═════ DATA SUPPLIED ═════

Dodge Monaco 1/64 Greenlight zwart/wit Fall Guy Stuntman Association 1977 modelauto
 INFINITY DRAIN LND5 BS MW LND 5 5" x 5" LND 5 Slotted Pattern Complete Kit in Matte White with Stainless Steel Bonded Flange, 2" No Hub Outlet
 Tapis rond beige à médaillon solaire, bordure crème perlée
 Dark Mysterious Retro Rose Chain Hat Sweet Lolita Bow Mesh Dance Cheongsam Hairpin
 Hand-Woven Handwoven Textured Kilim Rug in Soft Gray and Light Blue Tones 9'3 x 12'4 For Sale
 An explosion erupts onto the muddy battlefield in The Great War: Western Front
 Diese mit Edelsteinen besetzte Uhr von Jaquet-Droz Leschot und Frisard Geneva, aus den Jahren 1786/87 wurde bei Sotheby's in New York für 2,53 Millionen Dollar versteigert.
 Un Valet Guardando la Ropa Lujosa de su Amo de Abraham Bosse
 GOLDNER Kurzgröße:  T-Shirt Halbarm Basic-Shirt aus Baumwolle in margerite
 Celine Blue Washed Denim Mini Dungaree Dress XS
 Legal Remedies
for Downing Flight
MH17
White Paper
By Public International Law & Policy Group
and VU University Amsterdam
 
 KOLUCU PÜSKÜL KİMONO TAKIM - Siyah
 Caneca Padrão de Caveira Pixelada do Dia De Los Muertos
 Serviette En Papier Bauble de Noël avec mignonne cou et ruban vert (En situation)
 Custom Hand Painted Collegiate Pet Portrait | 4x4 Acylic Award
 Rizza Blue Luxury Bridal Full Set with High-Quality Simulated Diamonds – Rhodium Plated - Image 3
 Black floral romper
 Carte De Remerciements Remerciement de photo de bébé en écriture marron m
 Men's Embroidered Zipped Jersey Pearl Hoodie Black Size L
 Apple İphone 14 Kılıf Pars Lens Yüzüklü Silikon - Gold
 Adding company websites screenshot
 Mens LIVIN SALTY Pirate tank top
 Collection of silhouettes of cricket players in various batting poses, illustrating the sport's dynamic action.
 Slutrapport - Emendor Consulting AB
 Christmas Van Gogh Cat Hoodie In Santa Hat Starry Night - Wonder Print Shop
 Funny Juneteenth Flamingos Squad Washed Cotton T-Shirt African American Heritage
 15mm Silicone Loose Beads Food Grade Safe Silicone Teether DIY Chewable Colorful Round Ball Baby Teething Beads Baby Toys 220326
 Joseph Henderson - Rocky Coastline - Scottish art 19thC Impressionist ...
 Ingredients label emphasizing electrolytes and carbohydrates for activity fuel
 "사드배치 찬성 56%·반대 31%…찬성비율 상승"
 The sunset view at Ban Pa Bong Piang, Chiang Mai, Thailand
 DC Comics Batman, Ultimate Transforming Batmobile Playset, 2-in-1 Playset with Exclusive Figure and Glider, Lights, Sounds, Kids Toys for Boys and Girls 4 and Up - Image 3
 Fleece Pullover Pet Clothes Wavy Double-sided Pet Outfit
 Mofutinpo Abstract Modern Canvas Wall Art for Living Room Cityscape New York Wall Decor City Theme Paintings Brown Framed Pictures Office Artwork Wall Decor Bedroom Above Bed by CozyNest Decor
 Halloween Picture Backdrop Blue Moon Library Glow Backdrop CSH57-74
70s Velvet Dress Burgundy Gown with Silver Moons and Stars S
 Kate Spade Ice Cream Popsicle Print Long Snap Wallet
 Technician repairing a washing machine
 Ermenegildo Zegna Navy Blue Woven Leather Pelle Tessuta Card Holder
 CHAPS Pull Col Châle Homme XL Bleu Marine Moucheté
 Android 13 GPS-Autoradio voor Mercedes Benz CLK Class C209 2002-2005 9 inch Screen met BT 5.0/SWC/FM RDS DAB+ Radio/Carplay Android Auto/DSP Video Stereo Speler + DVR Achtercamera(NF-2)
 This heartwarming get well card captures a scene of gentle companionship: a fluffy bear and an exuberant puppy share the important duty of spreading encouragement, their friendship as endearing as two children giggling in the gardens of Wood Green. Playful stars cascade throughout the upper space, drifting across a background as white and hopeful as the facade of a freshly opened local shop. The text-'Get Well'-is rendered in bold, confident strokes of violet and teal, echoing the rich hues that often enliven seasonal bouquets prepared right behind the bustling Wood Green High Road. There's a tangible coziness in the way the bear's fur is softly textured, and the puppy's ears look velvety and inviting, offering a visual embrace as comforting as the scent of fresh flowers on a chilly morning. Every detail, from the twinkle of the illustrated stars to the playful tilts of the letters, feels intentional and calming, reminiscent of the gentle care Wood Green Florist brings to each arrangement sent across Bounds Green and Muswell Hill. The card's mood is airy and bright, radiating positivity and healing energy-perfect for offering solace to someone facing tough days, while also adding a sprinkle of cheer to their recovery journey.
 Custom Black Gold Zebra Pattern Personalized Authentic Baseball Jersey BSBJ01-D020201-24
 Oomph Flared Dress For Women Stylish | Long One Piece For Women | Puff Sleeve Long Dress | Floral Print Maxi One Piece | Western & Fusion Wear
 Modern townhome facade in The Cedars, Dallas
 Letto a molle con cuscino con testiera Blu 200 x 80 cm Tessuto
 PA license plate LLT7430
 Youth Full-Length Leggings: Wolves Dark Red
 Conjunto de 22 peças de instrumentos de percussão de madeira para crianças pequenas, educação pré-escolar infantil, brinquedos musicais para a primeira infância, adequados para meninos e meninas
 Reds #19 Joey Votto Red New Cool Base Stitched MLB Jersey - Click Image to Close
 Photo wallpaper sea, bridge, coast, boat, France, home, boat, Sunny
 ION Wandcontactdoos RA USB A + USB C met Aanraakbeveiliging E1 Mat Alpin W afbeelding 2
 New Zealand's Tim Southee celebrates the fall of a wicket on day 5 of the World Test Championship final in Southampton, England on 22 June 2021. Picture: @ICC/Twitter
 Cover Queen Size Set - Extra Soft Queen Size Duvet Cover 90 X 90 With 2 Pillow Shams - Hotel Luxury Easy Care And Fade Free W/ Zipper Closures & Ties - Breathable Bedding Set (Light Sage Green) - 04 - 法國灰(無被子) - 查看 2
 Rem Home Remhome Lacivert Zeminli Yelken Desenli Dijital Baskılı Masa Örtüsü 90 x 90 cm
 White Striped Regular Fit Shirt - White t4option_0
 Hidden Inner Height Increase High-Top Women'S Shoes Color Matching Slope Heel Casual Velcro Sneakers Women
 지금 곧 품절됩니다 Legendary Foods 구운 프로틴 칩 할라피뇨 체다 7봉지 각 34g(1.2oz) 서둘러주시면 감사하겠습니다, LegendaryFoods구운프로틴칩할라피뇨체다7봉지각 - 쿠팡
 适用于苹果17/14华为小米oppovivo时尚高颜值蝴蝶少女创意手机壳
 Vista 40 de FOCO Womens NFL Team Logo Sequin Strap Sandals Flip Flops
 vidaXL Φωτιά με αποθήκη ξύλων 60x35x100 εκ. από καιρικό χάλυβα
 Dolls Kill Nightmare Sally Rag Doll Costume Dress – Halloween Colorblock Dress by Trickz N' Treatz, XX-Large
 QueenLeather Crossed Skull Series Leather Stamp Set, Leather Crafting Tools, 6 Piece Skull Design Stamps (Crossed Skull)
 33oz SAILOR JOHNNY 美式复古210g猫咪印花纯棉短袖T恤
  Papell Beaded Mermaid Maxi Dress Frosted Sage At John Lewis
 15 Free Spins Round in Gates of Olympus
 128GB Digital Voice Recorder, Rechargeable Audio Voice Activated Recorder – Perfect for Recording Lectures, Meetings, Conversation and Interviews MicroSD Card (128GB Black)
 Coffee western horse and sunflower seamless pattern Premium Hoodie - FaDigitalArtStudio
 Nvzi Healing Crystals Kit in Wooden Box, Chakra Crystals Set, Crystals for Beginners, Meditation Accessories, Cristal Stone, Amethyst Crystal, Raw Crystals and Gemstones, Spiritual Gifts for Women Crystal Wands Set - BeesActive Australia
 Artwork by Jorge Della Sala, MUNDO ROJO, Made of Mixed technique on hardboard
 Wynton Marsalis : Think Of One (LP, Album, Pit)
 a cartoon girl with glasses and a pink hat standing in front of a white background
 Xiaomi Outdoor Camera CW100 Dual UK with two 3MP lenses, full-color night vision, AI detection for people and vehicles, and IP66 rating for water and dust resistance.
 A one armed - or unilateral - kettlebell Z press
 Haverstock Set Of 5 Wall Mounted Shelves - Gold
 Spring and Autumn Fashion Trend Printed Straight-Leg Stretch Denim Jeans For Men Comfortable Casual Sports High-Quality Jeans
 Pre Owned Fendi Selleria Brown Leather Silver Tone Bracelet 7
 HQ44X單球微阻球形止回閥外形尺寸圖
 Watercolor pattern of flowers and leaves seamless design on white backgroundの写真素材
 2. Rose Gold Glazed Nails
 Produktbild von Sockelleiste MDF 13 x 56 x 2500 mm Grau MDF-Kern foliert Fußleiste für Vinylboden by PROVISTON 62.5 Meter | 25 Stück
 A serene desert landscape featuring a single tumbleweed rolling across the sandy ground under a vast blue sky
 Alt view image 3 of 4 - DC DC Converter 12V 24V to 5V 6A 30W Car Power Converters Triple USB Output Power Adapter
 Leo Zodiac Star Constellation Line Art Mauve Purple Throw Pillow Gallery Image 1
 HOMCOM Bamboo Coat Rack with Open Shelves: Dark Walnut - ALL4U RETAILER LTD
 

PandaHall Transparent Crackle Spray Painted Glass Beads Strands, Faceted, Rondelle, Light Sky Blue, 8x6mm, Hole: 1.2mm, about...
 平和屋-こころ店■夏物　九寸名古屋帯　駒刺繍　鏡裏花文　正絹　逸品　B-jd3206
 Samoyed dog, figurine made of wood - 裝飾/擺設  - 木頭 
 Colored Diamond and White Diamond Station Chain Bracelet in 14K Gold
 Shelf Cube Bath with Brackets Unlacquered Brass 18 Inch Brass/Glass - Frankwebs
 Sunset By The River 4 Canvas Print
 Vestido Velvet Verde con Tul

═════

What is needed is a verbatim copy of every line in the records above from the one containing "Oomph Flared Dress" down to the one containing "Youth Full-Length Leggings: Wolves Dark Red", both included, and nothing more.

 Oomph Flared Dress For Women Stylish | Long One Piece For Women | Puff Sleeve Long Dress | Floral Print Maxi One Piece | Western & Fusion Wear
 Modern townhome facade in The Cedars, Dallas
 Letto a molle con cuscino con testiera Blu 200 x 80 cm Tessuto
 PA license plate LLT7430
 Youth Full-Length Leggings: Wolves Dark Red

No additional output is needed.